İmmünoterapilere bağlı hepatit (karaciğer iltihabı), karaciğer hasarının göstergelerinden olan AST ve ALT seviyelerinde, bazen de sarılık göstergesi olan bilirubin seviyesinde artışla ilişkilendirilir. Pek çok hastada bu durum belirti vermez. Karaciğer fonksiyonları her immünoterapi uygulaması öncesi bakılmalıdır; eğer yüksekse, hepatitin virüs enfeksiyonlarına ve diğer ilaçlarla bağlantılı nedenleri elenmelidir. Diğer immünoterapi ilişkili yan etkilerin tedavisinde olduğu gibi, eğer görülen başka bir temel neden yoksa, kortikosteroitlerle (kortizon) hemen tedaviye başlanması önerilir. Nadir durumlarda AST ve ALT seviyelerindeki artışlar kortizon tedavisine karşı dirençlidir ve her 12 saatte bir 500 mg mycophenolate mofetil etkili olabilir.

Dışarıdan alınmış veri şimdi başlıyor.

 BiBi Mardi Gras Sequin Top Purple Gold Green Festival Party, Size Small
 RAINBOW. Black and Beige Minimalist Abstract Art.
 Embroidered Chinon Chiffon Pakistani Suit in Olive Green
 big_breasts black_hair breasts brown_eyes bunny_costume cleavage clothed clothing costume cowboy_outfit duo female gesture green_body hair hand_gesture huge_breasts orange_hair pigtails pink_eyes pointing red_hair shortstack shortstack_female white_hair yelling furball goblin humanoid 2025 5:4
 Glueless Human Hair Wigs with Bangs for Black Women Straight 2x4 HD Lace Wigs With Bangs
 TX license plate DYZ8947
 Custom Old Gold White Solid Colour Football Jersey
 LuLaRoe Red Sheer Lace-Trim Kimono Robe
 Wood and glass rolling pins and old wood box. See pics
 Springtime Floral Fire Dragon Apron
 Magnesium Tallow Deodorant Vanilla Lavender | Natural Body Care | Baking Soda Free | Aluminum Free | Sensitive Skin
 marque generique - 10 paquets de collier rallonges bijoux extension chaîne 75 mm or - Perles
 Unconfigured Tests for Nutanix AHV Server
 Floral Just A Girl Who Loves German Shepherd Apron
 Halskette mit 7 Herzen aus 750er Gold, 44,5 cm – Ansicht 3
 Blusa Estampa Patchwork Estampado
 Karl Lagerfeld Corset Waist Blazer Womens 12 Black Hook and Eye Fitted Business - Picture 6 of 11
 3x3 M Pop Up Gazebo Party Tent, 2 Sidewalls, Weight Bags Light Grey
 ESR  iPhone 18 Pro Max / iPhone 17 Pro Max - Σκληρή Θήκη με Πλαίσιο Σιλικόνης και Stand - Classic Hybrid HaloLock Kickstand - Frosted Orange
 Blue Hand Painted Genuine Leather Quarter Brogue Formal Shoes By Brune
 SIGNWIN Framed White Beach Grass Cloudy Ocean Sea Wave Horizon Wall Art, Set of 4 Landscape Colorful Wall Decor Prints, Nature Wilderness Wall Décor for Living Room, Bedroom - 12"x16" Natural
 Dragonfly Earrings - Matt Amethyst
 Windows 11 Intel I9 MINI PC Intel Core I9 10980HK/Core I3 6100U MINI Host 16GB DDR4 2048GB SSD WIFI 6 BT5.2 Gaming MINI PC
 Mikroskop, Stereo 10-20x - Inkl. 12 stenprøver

Endokrinopati / Tiroid fonksiyon bozuklukları / Hormonal bozukluklar

Yukarıda bahsedilen immünoterapi ilişkili yan etkiler genellikle doğrudan görülebilmelerine rağmen, immün kontrol noktası blokajına bağlı endokrinopatinin ve tiroid fonksiyo bozukluklarının teşhisi daha zorlayıcı olabilir. Hastalar halsizlik, mide bulantısı ve baş ağrısı gibi belli bir hastalığa özgül olmayan şikayetler gösterebilir; bu yüzden tedavi uygulayan kişiler ihtiyatlı olmalıdır. Hipofizit (beyindeki hipofiz bezinin iltihabı) ve hipotiroidi (tiroid hormonlarının azlığı) en sık görülen endokrinopatilerdendir ve genellikle CTLA-4 blokajıyla tedavi edilen hastalarının %10’a kadar olan kesiminde görülür. PD-1 veya PDL-1 ajanı ile tedavi edilen hastalarda endokrinopati sıklığı daha az olmakla birlikte, hastaların bu yönden takip edilmesi ihmal edilmemelidir.

Yüksek doz kortikosteroit tedavisinin enflamasyona bağlı endokrinopati sürecini geriye çevirdiğini düşünülse de; pek çok hastanın uzun dönem tiroid hormonu levotiroksin takviyesine ve/veya kortizon tedavisine gereksinimi vardır.

Pnömonitis / Akciğer iltihabı

Pnömonitis, CTLA-4 ve PD-1 bloke edici ajanlarıyla tedavi edilen hastalarda nadir görülen (%10’dan daha az) fakat potansiyel olarak yaşamı tehdit eden bir immünoterapi ilişkili yan etkidir. Üst solunum yolları enfeksiyonu, yeni ortaya çıkan öksürük veya nefes darlığı gibi akciğerle ilişkili şikayetler gösteren her hasta radyolojik görüntülemeye tabii tutulmalı ve sebep bulunmalıdır. Orta seviyeden ağır seviyeye kadar olan tüm vakalarda immün sistemi baskılamaya başlamadan önce bakterilere bağlı enfeksiyon ihtimalini elemek için bronkoskopi (akciğer hava yollarının, ucunda bir kamera bulunan tıbbi bir alet ile değerlendirilmesi) yapılmalıdır. Ağır vakalarda tedavi yüksek dozda kortikosteroitlerden oluşmalıdır ve ek olarak infliximab gibi bağışıklık sistemini baskılayan ilaçların kullanımı uygun olabilir. Pnömonitis sonrası immünoterapi tedavisi düşünülmemelidir.

Sonuç

İmmünoterapi, ilerlemiş kanserler için devrim niteliğinde bir tedavi modeli olarak geliştikçe, yan etkilerinin daha iyi tanınması gerekecektir. Hafif (1. ve 2. derece) immünoterapi ilişkili yan etkilerin erken tanısı ve agresif tedavisi; immün kontrol noktası inhibitörlerinin etkinliğinden taviz vermeden hastanın zarar görmesini önlemek amacıyla önerilmektedir. Gelecekteki çalışmalarla hem steroid (kortizon) hem steroid olmayan ilaçlar hakkında bilgi toplamak, immünoterapileri en etkili şekilde kullanmak için zorunlu hale gelmiştir.